From _The Lord of the Rings_, "A Journey in the Dark"


> "I too once passed the Dimrill Gate," said Aragorn quietly; "but though I also came out again, the memory is very evil. I do not wish to enter Moria a second time."



When did Aragorn enter Moria the first time, and why would he have done so?


----------



## Gamil Zirak (Jun 8, 2004)

He was a well travelled Ranger. He could have been on a mission for Gandalf.


----------



## Maeglin (Jun 8, 2004)

Appendix B simply says that in the years 2957-2980 Aragorn undertook his great errantries and journeys, nothing more. I would assume, however, that Aragorn may have been doing the dwarves a favor, checking to see how badly infested Moria was with orcs.


----------



## Inderjit S (Jun 9, 2004)

The Dwarves didn't know about the Ork situtation. Balin drove away some of them and was latter driven out. Whether or not Balin was alive was unknown the Dwarves of Erebor. So any report by Aragorn would have confirmed any possiblities on the existence of Orks or whatever in Moria. Aragron doesn't really have much to do with the Dwarves. That's not to say he never interacted with them, just that he did not know them that well. It is most likely that he had to cross Moria in some journey or another and that that he couldn't pass over the mountain pass and he was short of time.


----------



## King Aragorn (Jun 9, 2004)

I'm not sure when Aragorn first went to Moria. Most likely, he was on some errand.


----------



## Melian_the_Maya (Jun 10, 2004)

Aragorn has been to Gondor before and it might be that circumstances had forced him to use the Moria road for his return. And then, he had to hunt for Gollum, didn't he? He might have chosen coming that way with his captive... although I doubt this last possibility - going with a squealing, fighting Gollum as his prisoner would have been a bad move.


----------



## Arthur_Vandelay (Jun 10, 2004)

Melian_the_Maya said:


> Aragorn has been to Gondor before and it might be that circumstances had forced him to use the Moria road for his return. And then, he had to hunt for Gollum, didn't he? He might have chosen coming that way with his captive... although I doubt this last possibility - going with a squealing, fighting Gollum as his prisoner would have been a bad move.

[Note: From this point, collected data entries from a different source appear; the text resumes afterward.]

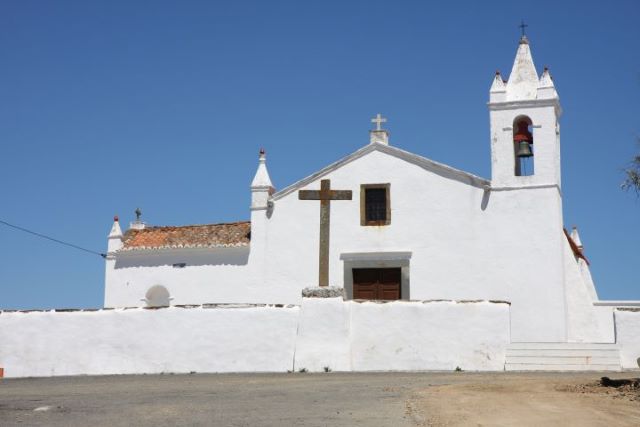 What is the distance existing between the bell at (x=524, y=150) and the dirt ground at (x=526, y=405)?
11686 millimetres

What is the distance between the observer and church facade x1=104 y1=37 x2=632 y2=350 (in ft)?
72.0

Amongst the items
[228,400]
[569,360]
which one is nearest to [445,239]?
[569,360]

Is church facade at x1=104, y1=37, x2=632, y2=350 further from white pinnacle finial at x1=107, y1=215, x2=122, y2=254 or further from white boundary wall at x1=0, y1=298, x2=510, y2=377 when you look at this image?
white boundary wall at x1=0, y1=298, x2=510, y2=377

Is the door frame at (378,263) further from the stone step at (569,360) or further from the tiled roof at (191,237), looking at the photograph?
the stone step at (569,360)

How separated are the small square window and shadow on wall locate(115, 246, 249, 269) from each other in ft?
11.7

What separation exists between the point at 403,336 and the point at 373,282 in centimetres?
640

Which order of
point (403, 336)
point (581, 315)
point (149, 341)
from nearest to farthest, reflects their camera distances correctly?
point (403, 336), point (149, 341), point (581, 315)

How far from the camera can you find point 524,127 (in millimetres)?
23297

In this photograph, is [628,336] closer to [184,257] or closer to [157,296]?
[184,257]

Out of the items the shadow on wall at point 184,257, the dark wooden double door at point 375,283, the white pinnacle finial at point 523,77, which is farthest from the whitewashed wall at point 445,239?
the white pinnacle finial at point 523,77

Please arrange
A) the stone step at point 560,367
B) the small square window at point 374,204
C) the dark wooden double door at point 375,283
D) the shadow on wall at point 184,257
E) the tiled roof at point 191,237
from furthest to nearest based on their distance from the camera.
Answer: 1. the tiled roof at point 191,237
2. the shadow on wall at point 184,257
3. the small square window at point 374,204
4. the dark wooden double door at point 375,283
5. the stone step at point 560,367

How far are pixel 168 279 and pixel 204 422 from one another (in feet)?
53.0

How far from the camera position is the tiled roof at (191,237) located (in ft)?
80.7

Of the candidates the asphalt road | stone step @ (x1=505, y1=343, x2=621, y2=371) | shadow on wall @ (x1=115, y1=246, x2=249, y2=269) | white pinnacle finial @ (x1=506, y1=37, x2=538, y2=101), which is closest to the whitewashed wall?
shadow on wall @ (x1=115, y1=246, x2=249, y2=269) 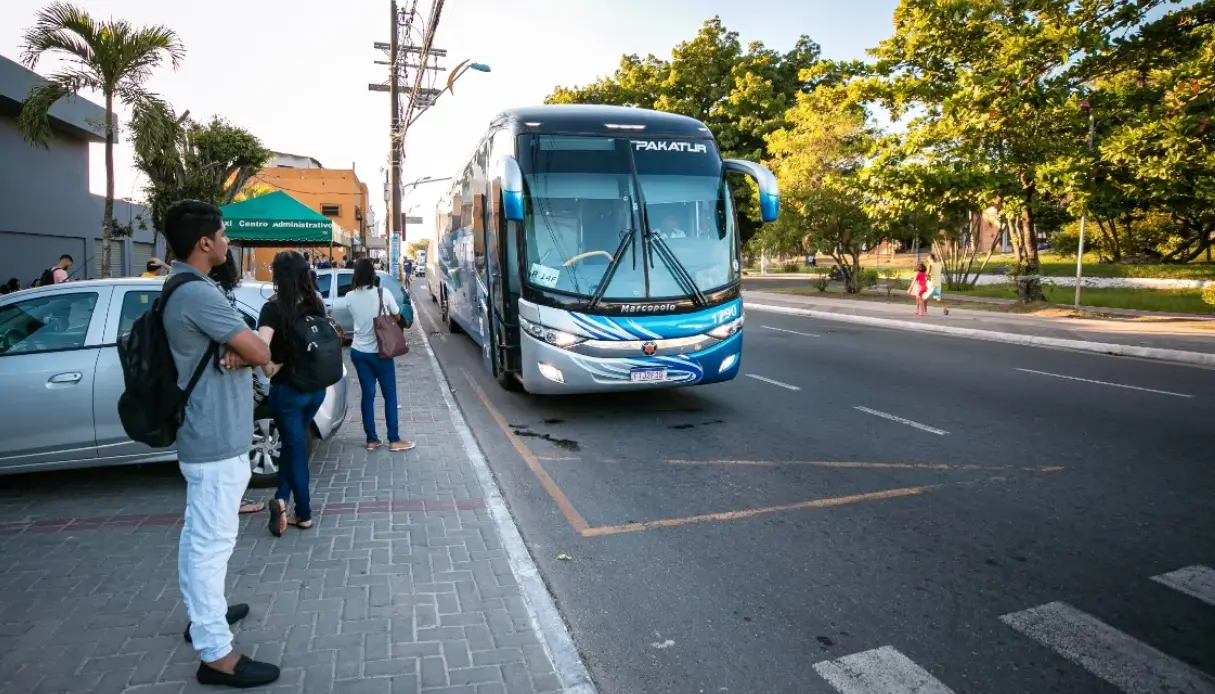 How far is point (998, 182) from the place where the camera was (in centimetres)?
1928

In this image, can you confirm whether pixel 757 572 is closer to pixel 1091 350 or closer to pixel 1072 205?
pixel 1091 350

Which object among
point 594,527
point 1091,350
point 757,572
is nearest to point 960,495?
point 757,572

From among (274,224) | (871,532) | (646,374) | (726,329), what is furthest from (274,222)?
(871,532)

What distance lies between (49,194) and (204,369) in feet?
70.9

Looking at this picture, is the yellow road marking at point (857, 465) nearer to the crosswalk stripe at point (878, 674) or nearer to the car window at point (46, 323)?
the crosswalk stripe at point (878, 674)

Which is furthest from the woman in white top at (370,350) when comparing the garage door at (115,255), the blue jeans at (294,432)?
the garage door at (115,255)

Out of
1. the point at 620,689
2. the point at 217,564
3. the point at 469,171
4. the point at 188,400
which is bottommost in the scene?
the point at 620,689

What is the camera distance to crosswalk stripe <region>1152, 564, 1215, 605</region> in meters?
3.97

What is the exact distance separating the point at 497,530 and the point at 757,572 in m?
1.73

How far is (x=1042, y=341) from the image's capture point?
15555 millimetres

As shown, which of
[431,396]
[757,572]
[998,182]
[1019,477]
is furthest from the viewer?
[998,182]

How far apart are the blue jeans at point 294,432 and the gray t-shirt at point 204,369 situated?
1.69m

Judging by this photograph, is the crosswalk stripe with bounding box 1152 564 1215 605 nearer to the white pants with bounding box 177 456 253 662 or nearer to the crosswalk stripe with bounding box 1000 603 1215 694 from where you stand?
the crosswalk stripe with bounding box 1000 603 1215 694

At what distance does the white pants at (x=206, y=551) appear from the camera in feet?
9.97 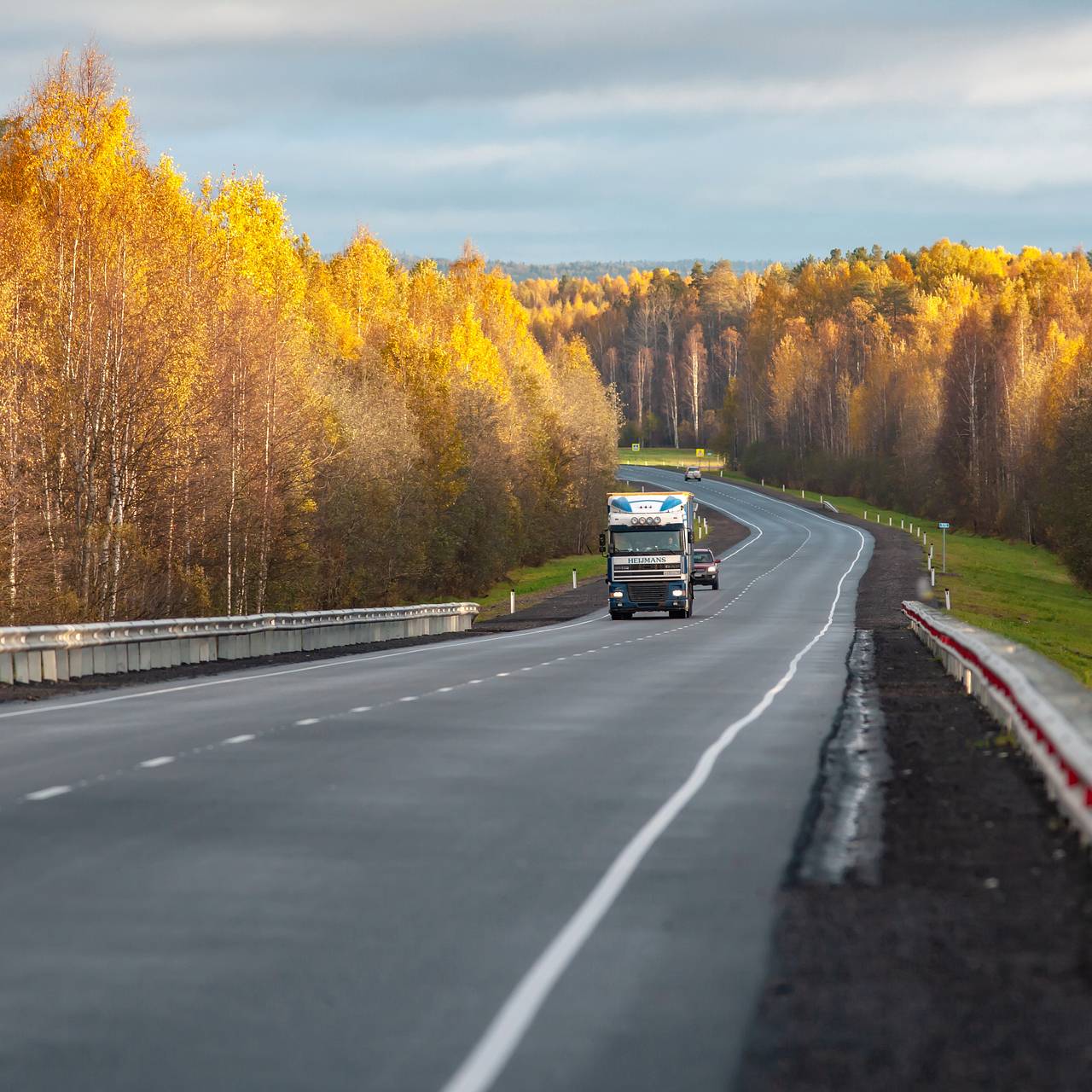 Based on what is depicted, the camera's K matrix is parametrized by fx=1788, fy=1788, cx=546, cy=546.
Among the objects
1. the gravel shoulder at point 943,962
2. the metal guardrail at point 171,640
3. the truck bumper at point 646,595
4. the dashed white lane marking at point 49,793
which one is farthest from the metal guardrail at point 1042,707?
the truck bumper at point 646,595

According to "The Hunt for the Ring" in _Unfinished Tales_, Aragorn avoided Moria and Dimrill Dale on his journey from Emyn Muil to the Woodland Realm with Gollum in tow.


----------



## King Aragorn (Jun 10, 2004)

Interesting. I didn't know that.


----------



## BlackCaptain (Jun 12, 2004)

Arthur_Vandelay said:


> According to "The Hunt for the Ring" in _Unfinished Tales_, Aragorn avoided Moria and Dimrill Dale on his journey from Emyn Muil to the Woodland Realm with Gollum in tow.


Probably because he'd been there before, and'd be incredibly reluctant to go back. I assume it's just the willing suspension of disbelief that we have to go with, and that there isn't really an exact date or purpose for him going in there. Tolkien probably just wanted to show a few things about Aragorn and about Moria... 

-Aragorn's fairly well traveled and knows the lands of Middle Earth as well as anyone.

-The two main leaders of the Fellowship are both reluctant to go into Moria, perhaps because of fear?

I think you're looking too much into this line... It's not really that pivitol why or when Aragorn had been in Moria, or what happened when he was in there that scared him away. The line was just put in to show us, the readers, that Moria must be extremely treacherous if both Gandalf and Aragorn are reluctant to go in.


----------



## King Aragorn (Jun 12, 2004)

Hmmm. I'd never thought of that.


----------



## HLGStrider (Jun 21, 2004)

Why do people climb mountains? Because they are there. 


A younger, more impetuous Aragorn setting out to learn all there is to be learned about Middle Earth. . .given the choice between the ways from one side of Middle Earth to another. . .and assuming that he goes from one side of Middle Earth to another a few times in his life time, I see him more as the type who would try a different route each time, purely for the experience. 

I see him under-estimating the evil and fear of Moria but not turning back because he is a Isildur's heir, and Isildur's heir does not turn back. 

Aragorn journey's partly for the sake of journeying in his early days. . .but not all those who wonder are lost.

Isn't that the basic idea behind errant leave? Wonder around. Do brave things. Come back. Marry the girl.


----------